Problem statement => The lines to extract begin at the line that contains "My Kitten Is A Picky Eater vol 8" and run through the last line of the listing; reproduce them exactly, minus any pictures.

Input data =>
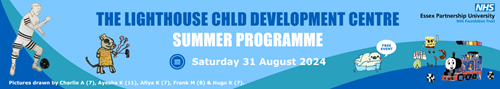 The Lighthouse child development centre summer programme Saturday 31 August 2024 banner with drawings from children who use services from The Lighthouse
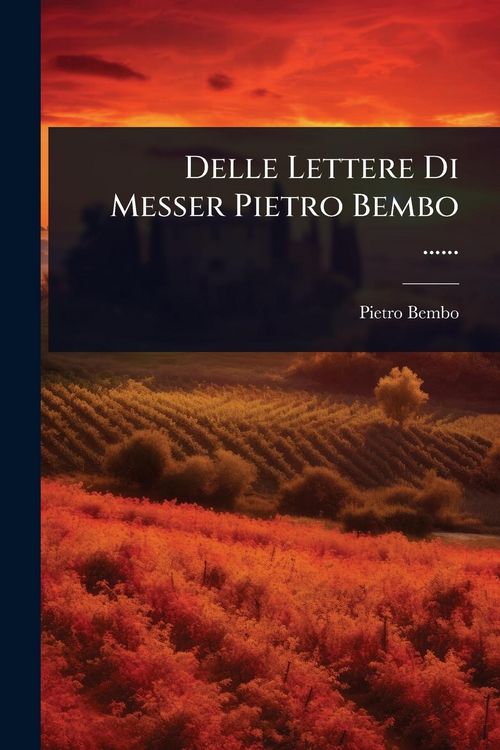 Produktbild: Delle Lettere Di Messer Pietro Bembo ......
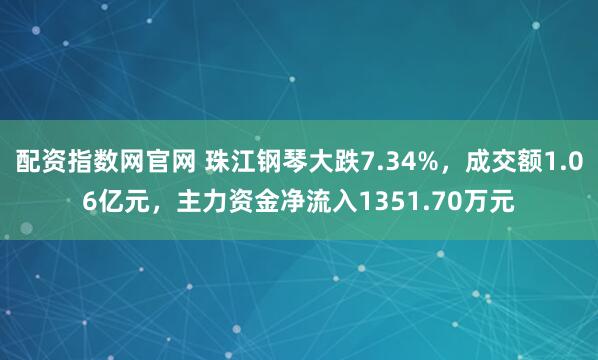 配资指数网官网 珠江钢琴大跌7.34%,成交额1.06亿元,主力资金净流入1351.70万元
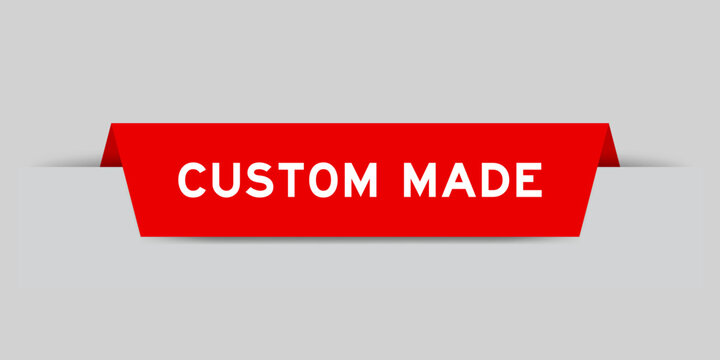 Red color inserted label with word custom made on gray background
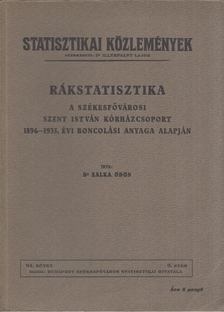 Zalka Ödön - Rákstatisztika - A székesfővárosi Szent István kórházcsoport 1896-1935. évi boncolási anyaga alapján [antikvár]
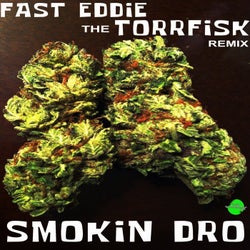 Smokin Dro - Torrfisk Remix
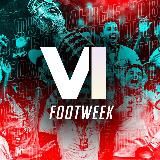 FootWeek VI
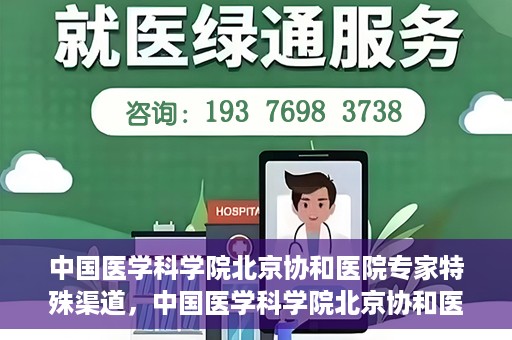 中国医学科学院北京协和医院专家特殊渠道，中国医学科学院北京协和医院专家特殊渠道解析与探讨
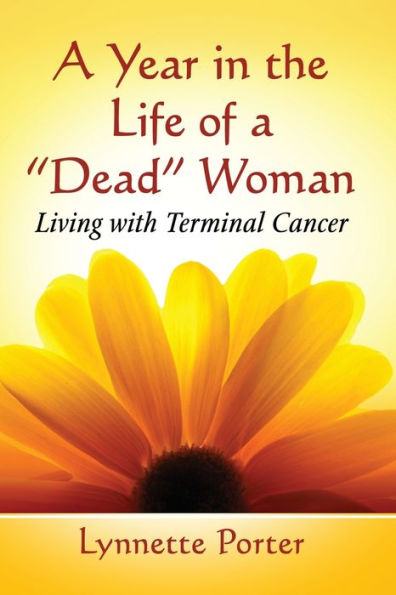 A Year in the Life of a "Dead" Woman: Living with Terminal Cancer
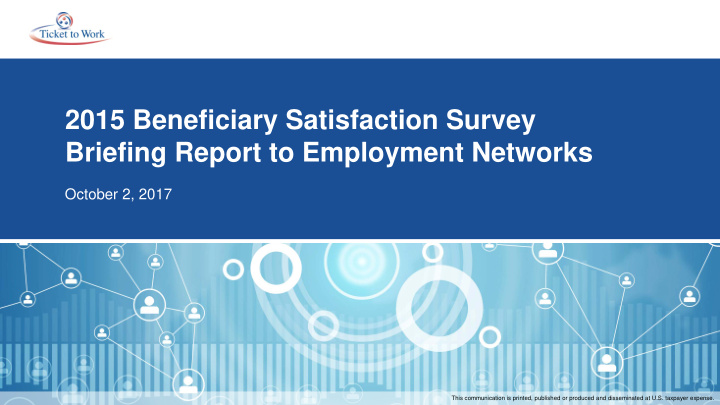 2015 beneficiary satisfaction survey briefing report to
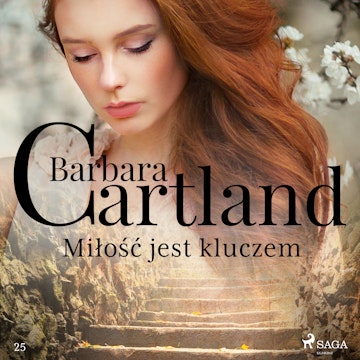 Miłość jest kluczem audiobook, Barbara Cartland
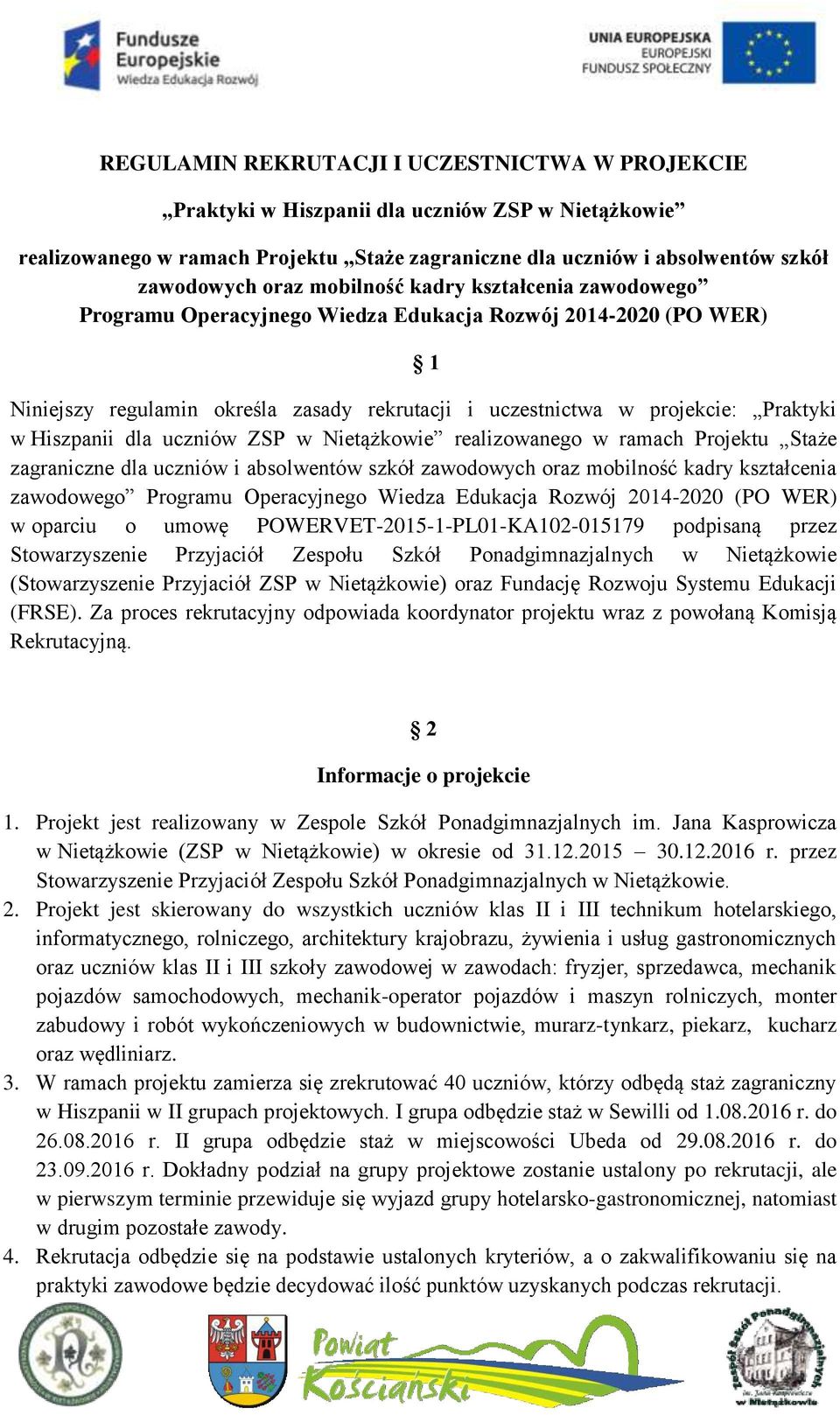 dla uczniów ZSP w Nietążkowie realizowanego w ramach Projektu Staże zagraniczne dla uczniów i absolwentów szkół zawodowych oraz mobilność kadry kształcenia zawodowego Programu Operacyjnego Wiedza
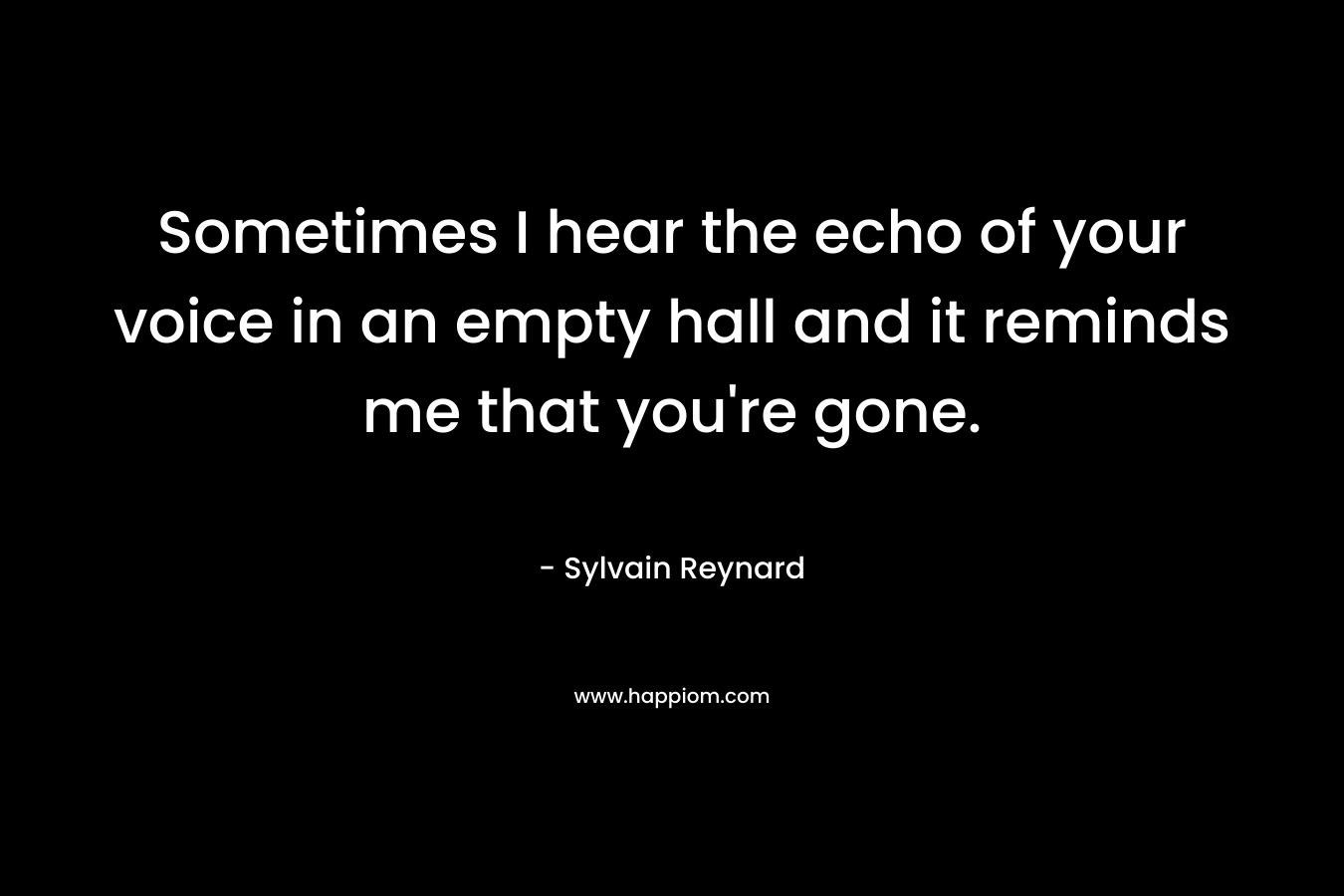 Sometimes I hear the echo of your voice in an empty hall and it reminds me that you’re gone. – Sylvain Reynard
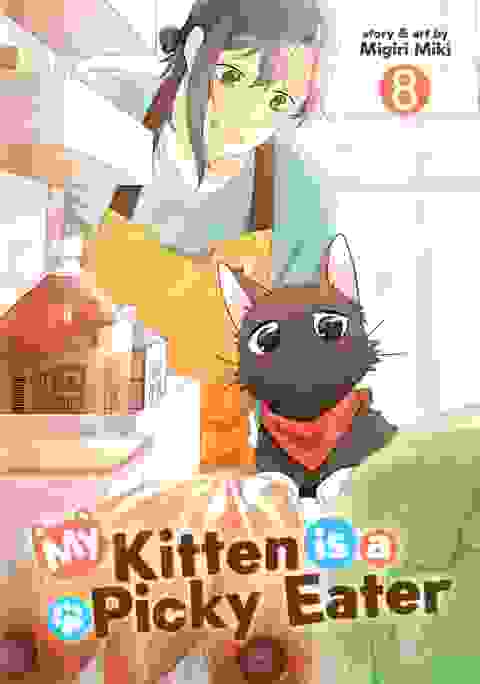 My Kitten Is A Picky Eater vol 8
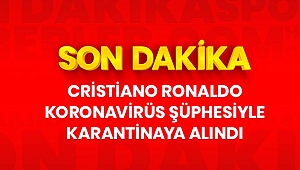 Son Dakika...Cristiano Ronaldo, koronavirüs şüphesiyle karantinaya alındı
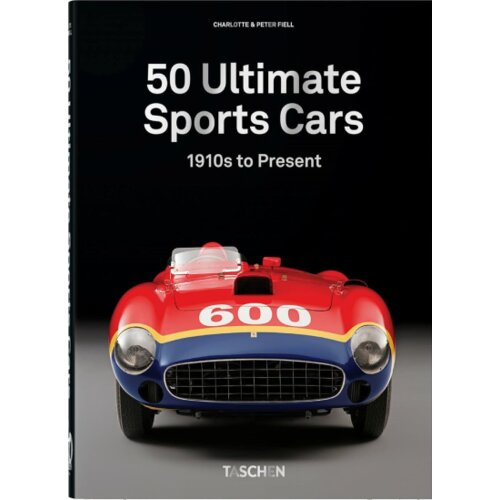 Taschen Charlotte Fiell, Peter Fiell - 50 Ultimate Sports Cars - 40th Edition Slike
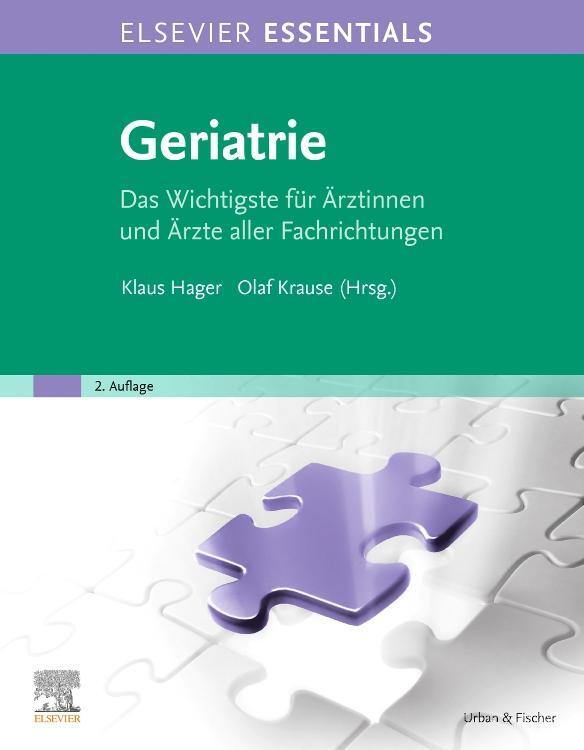 Cover: 9783437228421 | ELSEVIER ESSENTIALS Geriatrie | Klaus Hager (u. a.) | Taschenbuch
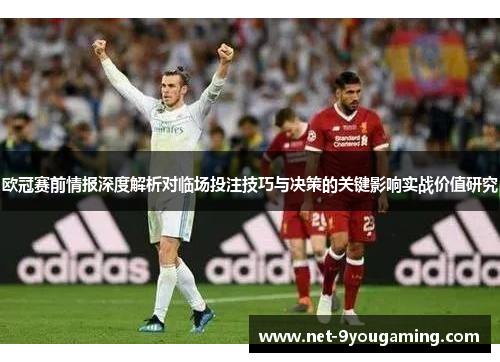 欧冠赛前情报深度解析对临场投注技巧与决策的关键影响实战价值研究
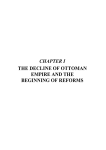 CHAPTER I THE DECLINE OF OTTOMAN EMPIRE AND THE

Exercise response =>
 My Kitten Is A Picky Eater vol 8
 Son Dakika...Cristiano Ronaldo, koronavirüs şüphesiyle karantinaya alındı
 Taschen Charlotte Fiell, Peter Fiell - 50 Ultimate Sports Cars - 40th Edition Slike
 Cover: 9783437228421 | ELSEVIER ESSENTIALS Geriatrie | Klaus Hager (u. a.) | Taschenbuch
 欧冠赛前情报深度解析对临场投注技巧与决策的关键影响实战价值研究
 CHAPTER I THE DECLINE OF OTTOMAN EMPIRE AND THE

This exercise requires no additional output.